(Exercise):
Only the lines below from the one that contains "Procos - 4 x" through the one that contains "Abode Neron 1.0" should appear in your answer, exact and without pictures.

(Supplied material):
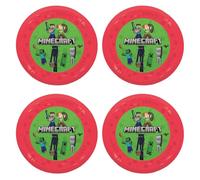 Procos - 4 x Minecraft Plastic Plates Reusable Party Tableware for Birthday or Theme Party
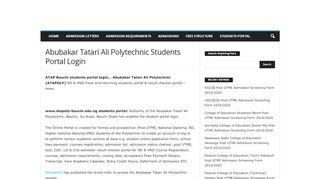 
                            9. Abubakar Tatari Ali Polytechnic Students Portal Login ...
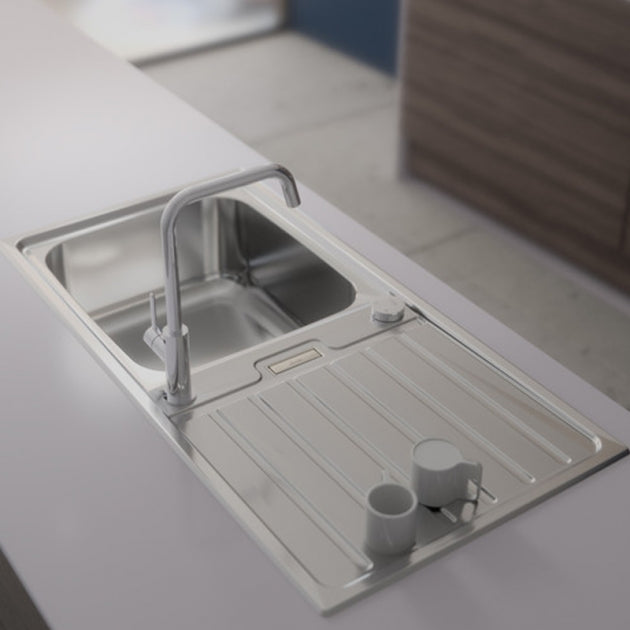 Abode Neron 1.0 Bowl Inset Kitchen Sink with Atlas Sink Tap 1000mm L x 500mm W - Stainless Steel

==

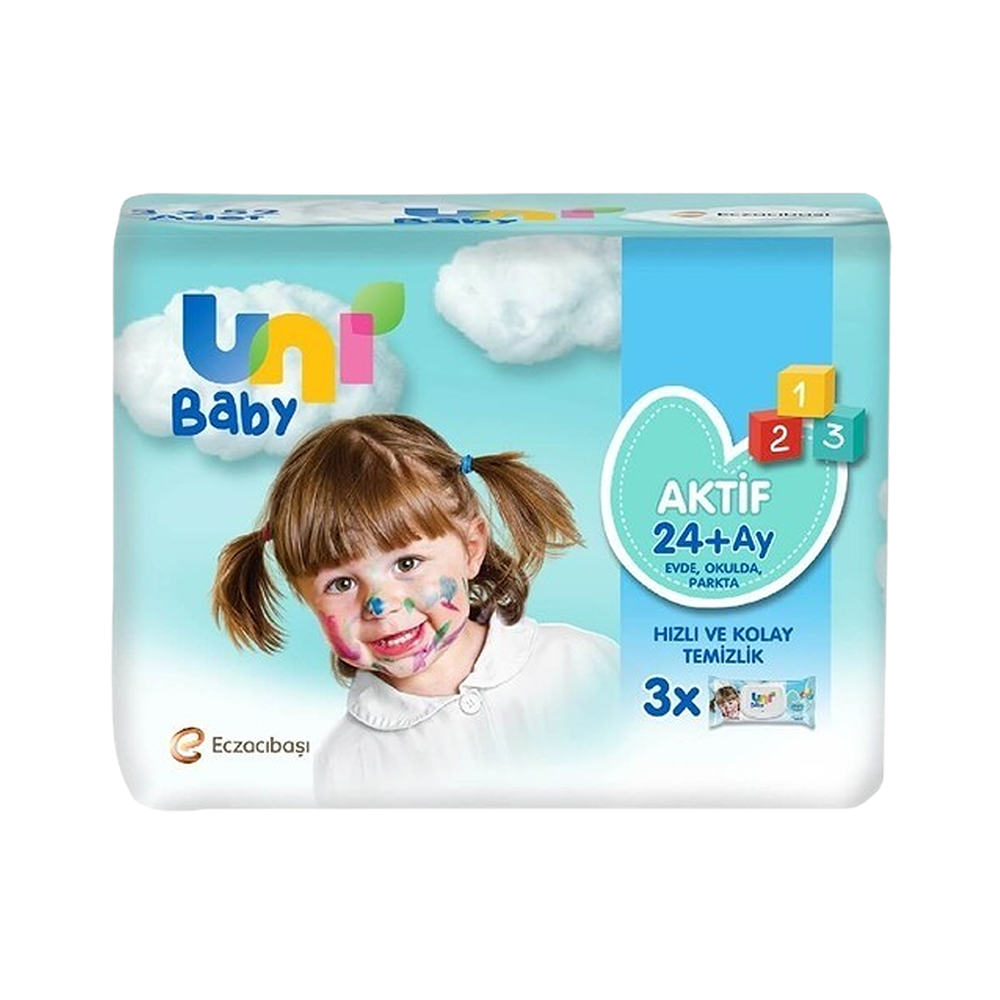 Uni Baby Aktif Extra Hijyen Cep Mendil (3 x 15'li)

---

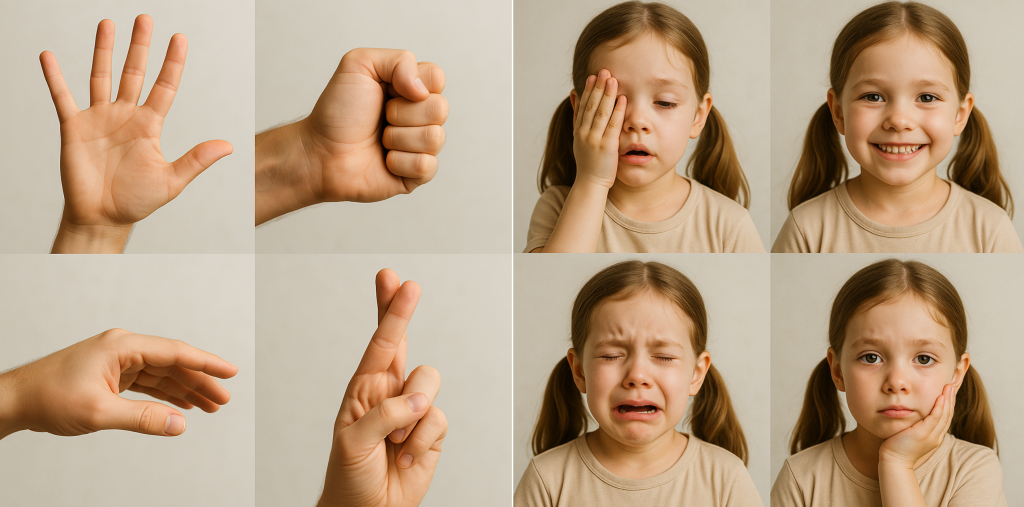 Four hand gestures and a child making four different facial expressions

(Answer box):
 Procos - 4 x Minecraft Plastic Plates Reusable Party Tableware for Birthday or Theme Party
                            9. Abubakar Tatari Ali Polytechnic Students Portal Login ...
 Abode Neron 1.0 Bowl Inset Kitchen Sink with Atlas Sink Tap 1000mm L x 500mm W - Stainless Steel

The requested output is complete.